I suppose there you have an argument against legislation by referendum.

Posted by: oliver | Feb 11, 2005 8:40:35 AM


Posted by: jpe

That ambiguous second sentence, a variant of which was in every proposed amendment, has so much potential for mischief. I wrote a brief post about this back in November re: the Kentucky amendment, which has similar language; the domestic benefits are just the first target of this trojan horse of an amendment.

Posted by: jpe | Feb 11, 2005 9:02:45 AM


Posted by: Terrier

Yep! They say, "now, I'm not a bigot." They even get indignant when you suggest that they want their prejudice to continue to be enshrined in law. But as I've said before, they are emotionally repulsed by homosexuality and the threat of exposure to it is more than they can bear. However, none of that has any place in this discussion! You either support freedom or you don't. You can't allow freedom except for what makes you uncomfortable and expect to have freedom yourself. Quite frankly that's also why I think civil unions are a fat red fish. Some will say they support civil unions - they just don't want the term 'marriage' used - but the point is, the rights of marriage are what we are talking about. Which rights will they subtract from civil unions? Likewise for the little red fish of bestiality, polygamy, polyandry, and whatever else they may drudge up to fuel fear in the minds of the like-minded - none of those little trout concerns them more than the prospect of two men or two women walking thru the local mall holding hands that sport matching rings. To prevent that there is probably very little that they will not do.

Posted by: Terrier | Feb 11, 2005 9:38:19 AM


Posted by: Keith DeRose

There's a similar vagueness is the proposed federal marriage amendment. Backers often claim it doesn't rule out states or local governments from passing measures that would grant some of the legal benefits of marriage to same-sex couples, but I think the wording actually does rule that out. (Well, it doesn't seem to rule out *passing* such legislation, but it does rule out construing any such legislation as granting such benefits.
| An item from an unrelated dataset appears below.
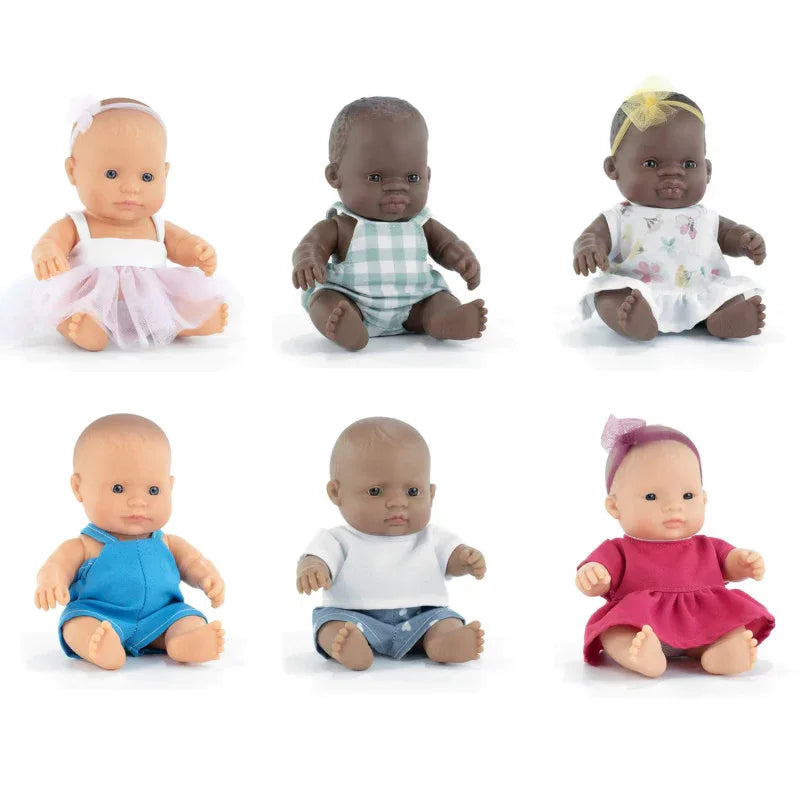 My Friends & Me Dolls, 8-1/4" Dressed, Set Of 6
Making it impermissible to construe the leg. as doing what it's designed to do is equivalent to banning it, in my book.)

Posted by: Keith DeRose | Feb 11, 2005 9:43:25 AM


Posted by: rtr

So where's the praise of the NYT for a citizens' initiative? Where's the Hollywood movie staring Julia Roberts?

Domestic partner benefits is as invalid as domestic friends benefits, or benefits giving one the right to transfer such benefits to any and all persons they may so desire. I doubt any or only an extreme minority few care to prevent private businesses and entities from giving out any sort of private benefits they may so desire. Benefits are not given out to domestic partners in the public school system. They are *forced*. They are discriminatory against the religious beliefs of some. The taxpayer is the employer, not the leftist elite and unions dis-educating the children as they rob upwards of 70% from their administrative skim.

If this was to be consistent with the usual every-day leftist intolerance the country has become accustomed to, "similar union for any purpose" would be interpreted as preventing all private individuals and their transactions from funding benefits for any non-heterosexual relationships. It is not anyway near that. It's time for a taxpayer class action suit to have all monies paid for domestic partnerships by the State refunded to the taxpayer, and individuals and institutions acting in violation to be held in contempt and prosecuted criminally and civily.

Having been born and raised in Michigan I can appreciate the Militia State now and then. Well, I'm waiting for the topic linking the 2nd amendment and the Michigan Militia. That has e-x-p-o-s-e' written all over it.

Posted by: rtr | Feb 11, 2005 9:58:33 AM


Posted by: john t

Don Herzog, On first reading I se some ambiguity in the ovarall position of the pro-tradition forces. This will leave some unhappy nonetheless. By ambiguity I mean ,concerning same sex unions and benefits,the door of which would remain open. You assert that Mr Glenn has changed his tune but he cites a provision where benefits would still be available but not on th basis of sexual orientation. So? Why would it be the basis of the state and taxpayer who goes to bed with who? We all,myself included,have fun pointing out the inconsistencies of others,but we did spend 8 recent years listening to how the erotic escapades of a guy from Arkansa were private as well as a lifetime of being told that the State shouldn't interefere/regulate what goes on in the bedroom,now we're being asked to subsidize it. First post on this,but first a word; if Burke "sputtered" would to God more more of us could sputter like him

Posted by: john t | Feb 11, 2005 9:59:16 AM


Posted by: miab

"From the beginning of human memory, marriage has always been understood as the union of one man and one woman," Maida said on the tape. "Let us do our part here in Michigan to preserve that sacred understanding and definition of marriage."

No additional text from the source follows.